● **Exercise aim**: Once the pictures are set aside, reproduce the entries below exactly.

● **Material provided**:
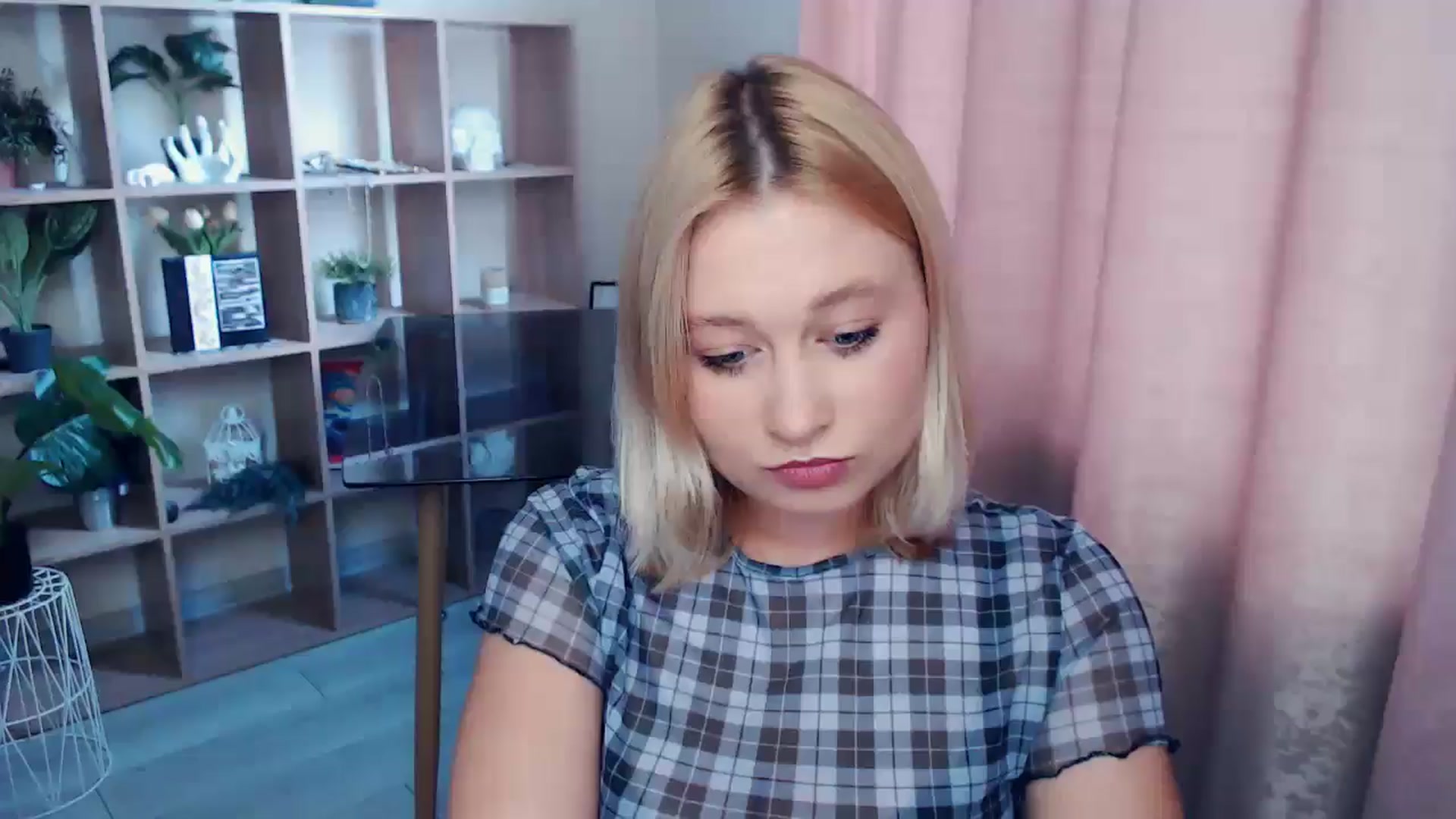 Gallery image thumbnail from Kukla_kolduna's myfreecams stream on, 06/19/2025, 16:09 image 17 of 20
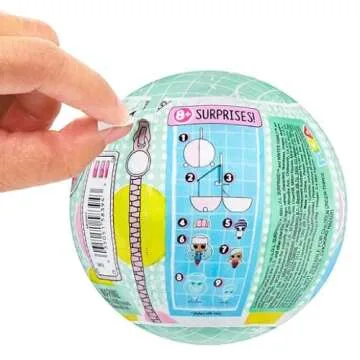 L.O.L. Surprise! Mini Winter Family with Doll, Lil Sis and Pet with 5+ Surprises- Collectible Holiday Toys, Stocking Stuffers, Great Gift for Kids Ages 4 5 6+ Years Old & Collectors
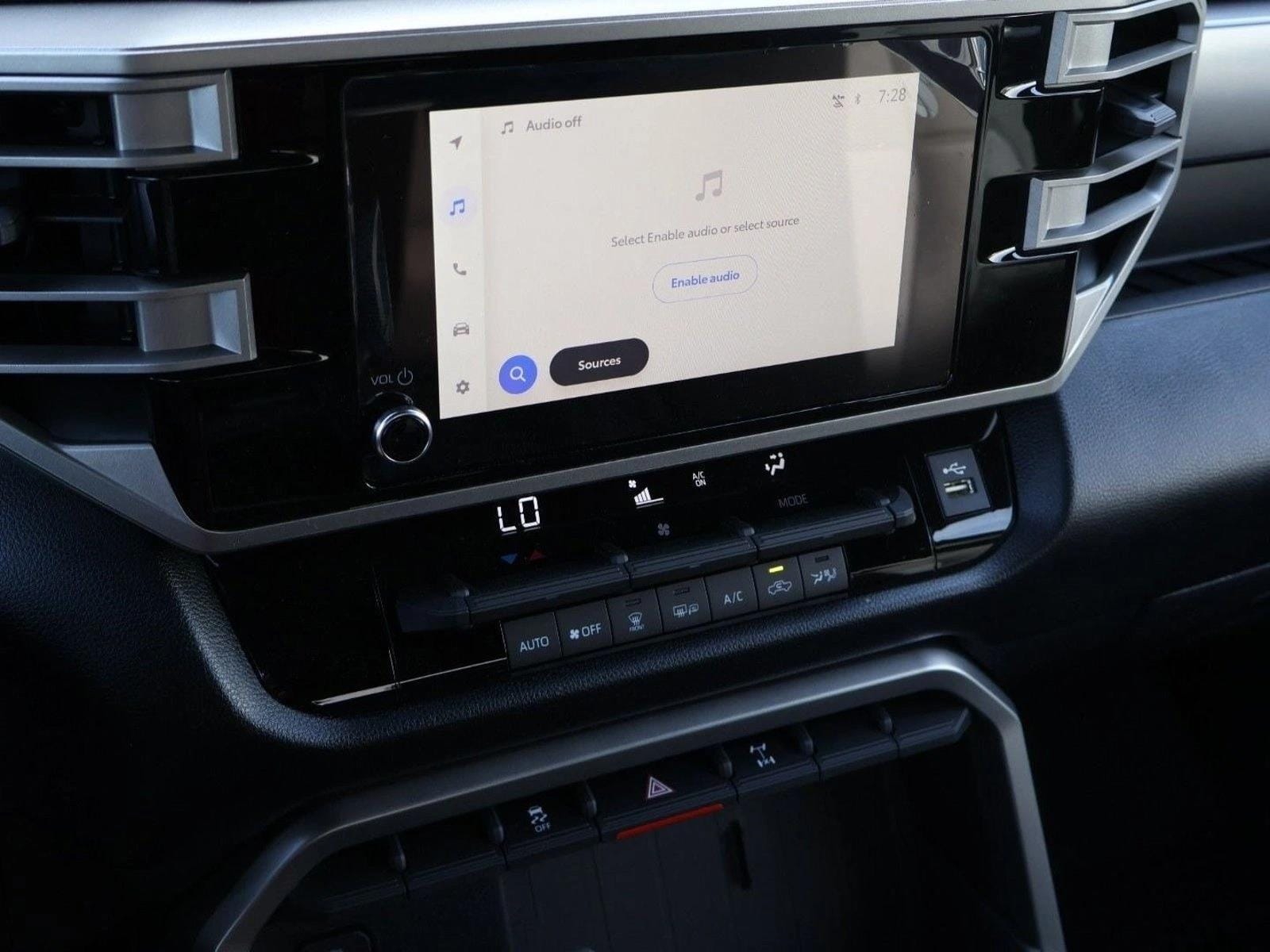 2026 Toyota Tundra SR5 - Photo 12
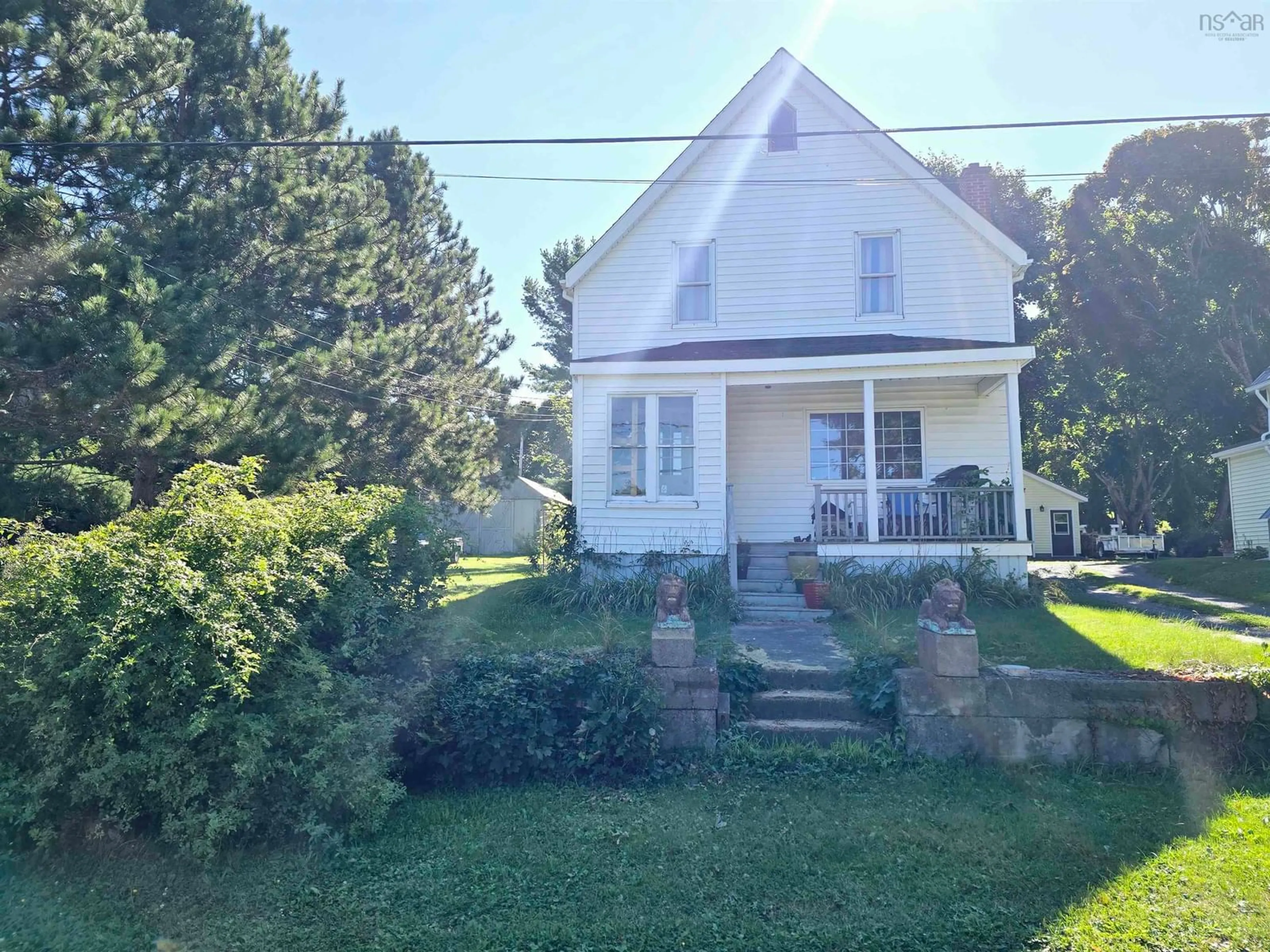 Frontside or backside of a home, cottage for 29 Edward St, Plymouth Nova Scotia B0K 1S0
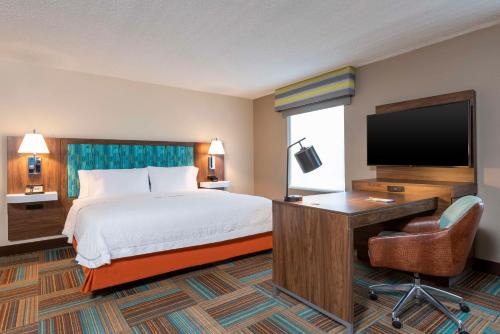 Hampton Inn & Suites Fort Myers-Colonial Boulevard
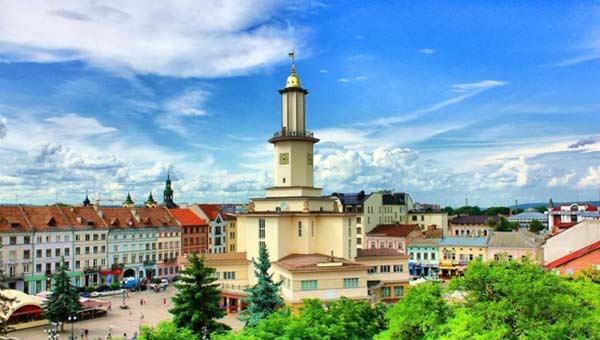 Квитки на автобус в Івано-Франківськ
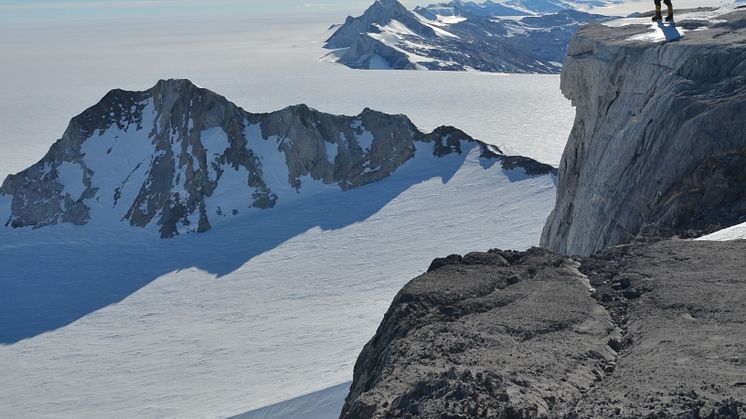 Global sea levels could rise due to melting Antarctic ice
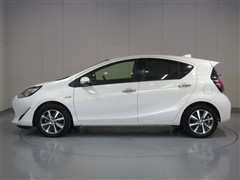 アクア S スタイルブラック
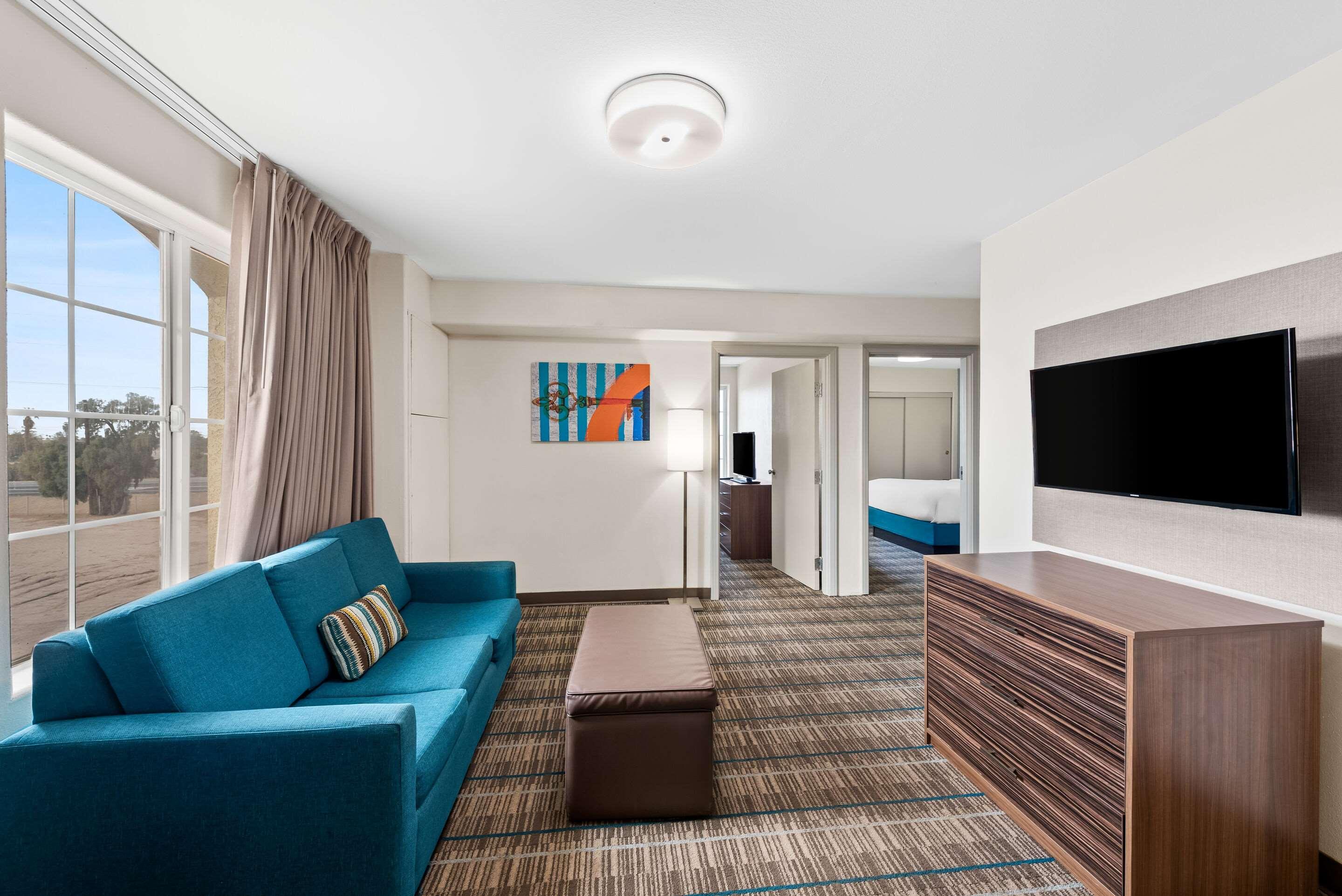 Suite Two Queen Beds Non Smoking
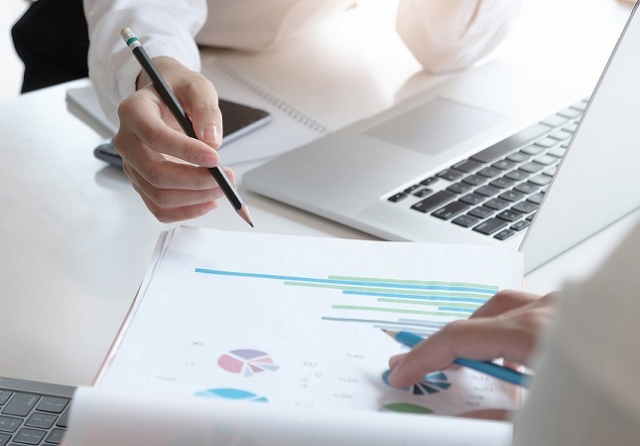 중소벤처기업부와 소상공인연합회는 1월 8일부터 소상공인연합회 누리집에 쿠팡 사태로 인한 입점업체 피해 사실 파악을 위해 ‘쿠팡 사태 소상공인 피해 신고센터’를 운영한다고 밝혔다.(사진은 이미지 사진) 클립아트코리아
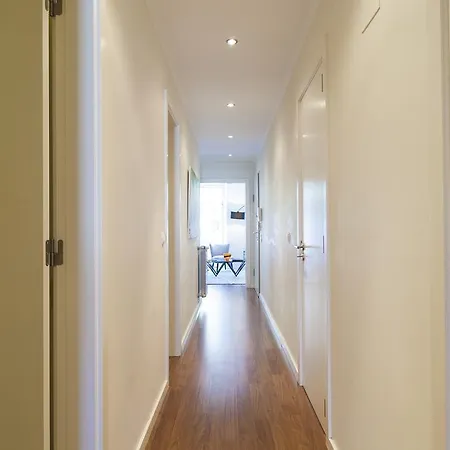 Apartman Joivy Stunning 3br Apt With Balcony, Nearby Saldanha Subway & Ist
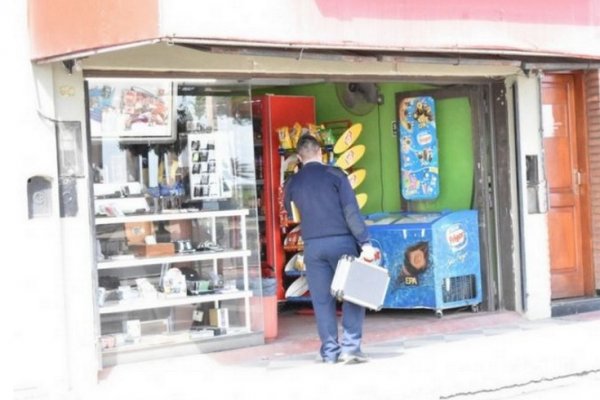 Robaron celulares y computadoras de un local frente al Puerto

● **Response**:
 Gallery image thumbnail from Kukla_kolduna's myfreecams stream on, 06/19/2025, 16:09 image 17 of 20
 L.O.L. Surprise! Mini Winter Family with Doll, Lil Sis and Pet with 5+ Surprises- Collectible Holiday Toys, Stocking Stuffers, Great Gift for Kids Ages 4 5 6+ Years Old & Collectors
 2026 Toyota Tundra SR5 - Photo 12
 Frontside or backside of a home, cottage for 29 Edward St, Plymouth Nova Scotia B0K 1S0
 Hampton Inn & Suites Fort Myers-Colonial Boulevard
 Квитки на автобус в Івано-Франківськ
 Global sea levels could rise due to melting Antarctic ice
 アクア S スタイルブラック
 Suite Two Queen Beds Non Smoking
 중소벤처기업부와 소상공인연합회는 1월 8일부터 소상공인연합회 누리집에 쿠팡 사태로 인한 입점업체 피해 사실 파악을 위해 ‘쿠팡 사태 소상공인 피해 신고센터’를 운영한다고 밝혔다.(사진은 이미지 사진) 클립아트코리아
 Apartman Joivy Stunning 3br Apt With Balcony, Nearby Saldanha Subway & Ist
 Robaron celulares y computadoras de un local frente al Puerto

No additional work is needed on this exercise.